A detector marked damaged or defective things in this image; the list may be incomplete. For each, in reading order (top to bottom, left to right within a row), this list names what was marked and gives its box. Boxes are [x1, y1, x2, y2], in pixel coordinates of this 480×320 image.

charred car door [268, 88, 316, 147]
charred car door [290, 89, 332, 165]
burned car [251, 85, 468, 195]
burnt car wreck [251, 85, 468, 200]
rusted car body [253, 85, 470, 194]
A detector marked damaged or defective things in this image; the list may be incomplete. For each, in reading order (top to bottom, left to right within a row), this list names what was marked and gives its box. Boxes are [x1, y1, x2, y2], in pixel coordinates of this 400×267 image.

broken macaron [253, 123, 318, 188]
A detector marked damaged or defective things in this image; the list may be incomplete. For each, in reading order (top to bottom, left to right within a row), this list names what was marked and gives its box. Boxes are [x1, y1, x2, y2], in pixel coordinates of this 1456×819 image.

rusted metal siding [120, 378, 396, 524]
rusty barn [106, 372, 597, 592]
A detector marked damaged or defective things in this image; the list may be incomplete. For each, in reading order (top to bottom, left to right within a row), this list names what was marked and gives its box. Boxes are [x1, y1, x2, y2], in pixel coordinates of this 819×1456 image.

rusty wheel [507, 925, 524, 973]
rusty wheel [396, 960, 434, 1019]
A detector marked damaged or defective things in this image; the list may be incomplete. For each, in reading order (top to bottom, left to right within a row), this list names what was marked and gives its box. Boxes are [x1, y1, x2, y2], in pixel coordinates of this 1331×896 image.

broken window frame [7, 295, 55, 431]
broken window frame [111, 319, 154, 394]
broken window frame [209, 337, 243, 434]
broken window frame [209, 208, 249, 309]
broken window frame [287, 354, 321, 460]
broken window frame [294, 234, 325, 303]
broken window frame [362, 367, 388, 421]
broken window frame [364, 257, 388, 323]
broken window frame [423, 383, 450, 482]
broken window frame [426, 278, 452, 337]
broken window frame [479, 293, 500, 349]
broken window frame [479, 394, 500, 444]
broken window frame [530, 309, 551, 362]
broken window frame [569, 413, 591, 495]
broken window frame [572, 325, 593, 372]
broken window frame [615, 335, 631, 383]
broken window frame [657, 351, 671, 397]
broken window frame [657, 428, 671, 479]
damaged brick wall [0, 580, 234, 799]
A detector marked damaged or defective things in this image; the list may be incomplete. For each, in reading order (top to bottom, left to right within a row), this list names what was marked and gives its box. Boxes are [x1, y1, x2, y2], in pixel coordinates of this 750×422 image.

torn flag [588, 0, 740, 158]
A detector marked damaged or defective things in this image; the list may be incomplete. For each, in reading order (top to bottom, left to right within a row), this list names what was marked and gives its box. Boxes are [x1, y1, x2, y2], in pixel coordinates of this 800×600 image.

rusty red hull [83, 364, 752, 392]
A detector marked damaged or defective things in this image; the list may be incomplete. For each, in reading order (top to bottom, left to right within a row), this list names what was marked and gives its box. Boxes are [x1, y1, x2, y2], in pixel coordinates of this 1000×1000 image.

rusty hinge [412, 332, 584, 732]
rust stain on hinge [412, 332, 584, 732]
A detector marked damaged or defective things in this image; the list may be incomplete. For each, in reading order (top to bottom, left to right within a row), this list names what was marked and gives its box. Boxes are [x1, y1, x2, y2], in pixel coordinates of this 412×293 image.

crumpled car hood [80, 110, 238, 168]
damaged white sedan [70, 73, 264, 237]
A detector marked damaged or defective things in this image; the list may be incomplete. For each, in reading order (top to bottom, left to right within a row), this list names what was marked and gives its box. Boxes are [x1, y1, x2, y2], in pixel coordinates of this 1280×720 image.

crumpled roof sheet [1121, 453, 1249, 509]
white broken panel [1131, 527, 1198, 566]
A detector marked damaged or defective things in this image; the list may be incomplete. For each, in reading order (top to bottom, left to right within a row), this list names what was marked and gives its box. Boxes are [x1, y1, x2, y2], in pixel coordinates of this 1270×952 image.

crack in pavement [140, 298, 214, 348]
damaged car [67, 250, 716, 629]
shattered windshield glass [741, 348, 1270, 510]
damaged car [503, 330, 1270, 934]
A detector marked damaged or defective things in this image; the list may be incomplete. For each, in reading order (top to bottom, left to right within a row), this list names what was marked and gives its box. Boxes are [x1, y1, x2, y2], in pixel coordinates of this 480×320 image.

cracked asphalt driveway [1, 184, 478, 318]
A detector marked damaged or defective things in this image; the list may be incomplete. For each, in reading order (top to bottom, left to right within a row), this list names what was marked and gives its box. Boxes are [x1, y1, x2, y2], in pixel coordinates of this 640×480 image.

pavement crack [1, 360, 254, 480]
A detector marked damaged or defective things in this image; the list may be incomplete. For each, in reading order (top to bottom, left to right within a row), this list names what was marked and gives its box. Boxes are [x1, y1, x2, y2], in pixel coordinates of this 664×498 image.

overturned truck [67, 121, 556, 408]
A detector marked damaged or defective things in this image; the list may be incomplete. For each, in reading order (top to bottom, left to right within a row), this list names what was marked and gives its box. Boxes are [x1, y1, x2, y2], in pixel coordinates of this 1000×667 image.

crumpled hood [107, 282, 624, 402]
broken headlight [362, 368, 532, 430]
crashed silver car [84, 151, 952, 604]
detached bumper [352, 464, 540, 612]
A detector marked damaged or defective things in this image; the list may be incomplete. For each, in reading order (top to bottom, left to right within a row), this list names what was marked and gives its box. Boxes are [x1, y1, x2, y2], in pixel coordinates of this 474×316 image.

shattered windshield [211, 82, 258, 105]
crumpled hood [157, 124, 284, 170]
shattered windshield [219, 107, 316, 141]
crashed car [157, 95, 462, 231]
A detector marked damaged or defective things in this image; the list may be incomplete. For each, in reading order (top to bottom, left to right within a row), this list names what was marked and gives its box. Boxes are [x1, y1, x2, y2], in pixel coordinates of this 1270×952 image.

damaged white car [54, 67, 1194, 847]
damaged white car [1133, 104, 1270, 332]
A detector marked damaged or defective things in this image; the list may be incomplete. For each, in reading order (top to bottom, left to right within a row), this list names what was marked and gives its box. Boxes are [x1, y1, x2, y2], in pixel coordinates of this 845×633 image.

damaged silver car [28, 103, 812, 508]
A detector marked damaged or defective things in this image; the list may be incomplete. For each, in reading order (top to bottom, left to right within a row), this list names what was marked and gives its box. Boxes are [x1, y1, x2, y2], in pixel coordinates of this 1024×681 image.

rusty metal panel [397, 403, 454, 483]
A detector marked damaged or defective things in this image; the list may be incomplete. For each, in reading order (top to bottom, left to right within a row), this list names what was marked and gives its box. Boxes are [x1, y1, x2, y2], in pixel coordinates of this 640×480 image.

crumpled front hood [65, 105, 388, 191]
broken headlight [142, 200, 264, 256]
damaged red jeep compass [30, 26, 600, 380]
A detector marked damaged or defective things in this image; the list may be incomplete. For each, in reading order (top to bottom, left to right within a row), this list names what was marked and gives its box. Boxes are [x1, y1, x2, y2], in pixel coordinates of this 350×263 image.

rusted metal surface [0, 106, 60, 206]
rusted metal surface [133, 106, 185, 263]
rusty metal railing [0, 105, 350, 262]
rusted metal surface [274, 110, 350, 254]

◆ ◆ ◆ ◆ ◆

Problem statement :: Reproduce all of the material verbatim.

Response to this exercise ::
A detector marked damaged or defective things in this image; the list may be incomplete. For each, in reading order (top to bottom, left to right within a row), this list names what was marked and gives its box. Boxes are [x1, y1, x2, y2], in pixel coordinates of this 480×320 image.

charred car door [268, 88, 316, 147]
charred car door [290, 89, 332, 165]
burned car [251, 85, 468, 195]
burnt car wreck [251, 85, 468, 200]
rusted car body [253, 85, 470, 194]
A detector marked damaged or defective things in this image; the list may be incomplete. For each, in reading order (top to bottom, left to right within a row), this list names what was marked and gives its box. Boxes are [x1, y1, x2, y2], in pixel coordinates of this 400×267 image.

broken macaron [253, 123, 318, 188]
A detector marked damaged or defective things in this image; the list may be incomplete. For each, in reading order (top to bottom, left to right within a row), this list names what was marked and gives its box. Boxes are [x1, y1, x2, y2], in pixel coordinates of this 1456×819 image.

rusted metal siding [120, 378, 396, 524]
rusty barn [106, 372, 597, 592]
A detector marked damaged or defective things in this image; the list may be incomplete. For each, in reading order (top to bottom, left to right within a row), this list names what was marked and gives its box. Boxes are [x1, y1, x2, y2], in pixel coordinates of this 819×1456 image.

rusty wheel [507, 925, 524, 973]
rusty wheel [396, 960, 434, 1019]
A detector marked damaged or defective things in this image; the list may be incomplete. For each, in reading order (top to bottom, left to right within a row), this list names what was marked and gives its box. Boxes are [x1, y1, x2, y2], in pixel coordinates of this 1331×896 image.

broken window frame [7, 295, 55, 431]
broken window frame [111, 319, 154, 394]
broken window frame [209, 337, 243, 434]
broken window frame [209, 208, 249, 309]
broken window frame [287, 354, 321, 460]
broken window frame [294, 234, 325, 303]
broken window frame [362, 367, 388, 421]
broken window frame [364, 257, 388, 323]
broken window frame [423, 383, 450, 482]
broken window frame [426, 278, 452, 337]
broken window frame [479, 293, 500, 349]
broken window frame [479, 394, 500, 444]
broken window frame [530, 309, 551, 362]
broken window frame [569, 413, 591, 495]
broken window frame [572, 325, 593, 372]
broken window frame [615, 335, 631, 383]
broken window frame [657, 351, 671, 397]
broken window frame [657, 428, 671, 479]
damaged brick wall [0, 580, 234, 799]
A detector marked damaged or defective things in this image; the list may be incomplete. For each, in reading order (top to bottom, left to right within a row), this list names what was marked and gives its box. Boxes are [x1, y1, x2, y2], in pixel coordinates of this 750×422 image.

torn flag [588, 0, 740, 158]
A detector marked damaged or defective things in this image; the list may be incomplete. For each, in reading order (top to bottom, left to right within a row), this list names what was marked and gives its box. Boxes are [x1, y1, x2, y2], in pixel coordinates of this 800×600 image.

rusty red hull [83, 364, 752, 392]
A detector marked damaged or defective things in this image; the list may be incomplete. For each, in reading order (top to bottom, left to right within a row), this list names what was marked and gives its box. Boxes are [x1, y1, x2, y2], in pixel coordinates of this 1000×1000 image.

rusty hinge [412, 332, 584, 732]
rust stain on hinge [412, 332, 584, 732]
A detector marked damaged or defective things in this image; the list may be incomplete. For each, in reading order (top to bottom, left to right within a row), this list names what was marked and gives its box. Boxes are [x1, y1, x2, y2], in pixel coordinates of this 412×293 image.

crumpled car hood [80, 110, 238, 168]
damaged white sedan [70, 73, 264, 237]
A detector marked damaged or defective things in this image; the list may be incomplete. For each, in reading order (top to bottom, left to right within a row), this list names what was marked and gives its box. Boxes are [x1, y1, x2, y2], in pixel coordinates of this 1280×720 image.

crumpled roof sheet [1121, 453, 1249, 509]
white broken panel [1131, 527, 1198, 566]
A detector marked damaged or defective things in this image; the list may be incomplete. For each, in reading order (top to bottom, left to right within a row), this list names what was marked and gives its box. Boxes are [x1, y1, x2, y2], in pixel coordinates of this 1270×952 image.

crack in pavement [140, 298, 214, 348]
damaged car [67, 250, 716, 629]
shattered windshield glass [741, 348, 1270, 510]
damaged car [503, 330, 1270, 934]
A detector marked damaged or defective things in this image; the list may be incomplete. For each, in reading order (top to bottom, left to right within a row), this list names what was marked and gives its box. Boxes are [x1, y1, x2, y2], in pixel coordinates of this 480×320 image.

cracked asphalt driveway [1, 184, 478, 318]
A detector marked damaged or defective things in this image; the list may be incomplete. For each, in reading order (top to bottom, left to right within a row), this list names what was marked and gives its box. Boxes are [x1, y1, x2, y2], in pixel coordinates of this 640×480 image.

pavement crack [1, 360, 254, 480]
A detector marked damaged or defective things in this image; the list may be incomplete. For each, in reading order (top to bottom, left to right within a row), this list names what was marked and gives its box. Boxes are [x1, y1, x2, y2], in pixel coordinates of this 664×498 image.

overturned truck [67, 121, 556, 408]
A detector marked damaged or defective things in this image; the list may be incomplete. For each, in reading order (top to bottom, left to right within a row), this list names what was marked and gives its box. Boxes are [x1, y1, x2, y2], in pixel coordinates of this 1000×667 image.

crumpled hood [107, 282, 624, 402]
broken headlight [362, 368, 532, 430]
crashed silver car [84, 151, 952, 604]
detached bumper [352, 464, 540, 612]
A detector marked damaged or defective things in this image; the list may be incomplete. For each, in reading order (top to bottom, left to right within a row), this list names what was marked and gives its box. Boxes are [x1, y1, x2, y2], in pixel coordinates of this 474×316 image.

shattered windshield [211, 82, 258, 105]
crumpled hood [157, 124, 284, 170]
shattered windshield [219, 107, 316, 141]
crashed car [157, 95, 462, 231]
A detector marked damaged or defective things in this image; the list may be incomplete. For each, in reading order (top to bottom, left to right within a row), this list names what was marked and gives its box. Boxes are [x1, y1, x2, y2], in pixel coordinates of this 1270×952 image.

damaged white car [54, 67, 1194, 847]
damaged white car [1133, 104, 1270, 332]
A detector marked damaged or defective things in this image; the list may be incomplete. For each, in reading order (top to bottom, left to right within a row), this list names what was marked and gives its box. Boxes are [x1, y1, x2, y2], in pixel coordinates of this 845×633 image.

damaged silver car [28, 103, 812, 508]
A detector marked damaged or defective things in this image; the list may be incomplete. For each, in reading order (top to bottom, left to right within a row), this list names what was marked and gives its box. Boxes are [x1, y1, x2, y2], in pixel coordinates of this 1024×681 image.

rusty metal panel [397, 403, 454, 483]
A detector marked damaged or defective things in this image; the list may be incomplete. For each, in reading order (top to bottom, left to right within a row), this list names what was marked and gives its box. Boxes are [x1, y1, x2, y2], in pixel coordinates of this 640×480 image.

crumpled front hood [65, 105, 388, 191]
broken headlight [142, 200, 264, 256]
damaged red jeep compass [30, 26, 600, 380]
A detector marked damaged or defective things in this image; the list may be incomplete. For each, in reading order (top to bottom, left to right within a row), this list names what was marked and gives its box. Boxes are [x1, y1, x2, y2], in pixel coordinates of this 350×263 image.

rusted metal surface [0, 106, 60, 206]
rusted metal surface [133, 106, 185, 263]
rusty metal railing [0, 105, 350, 262]
rusted metal surface [274, 110, 350, 254]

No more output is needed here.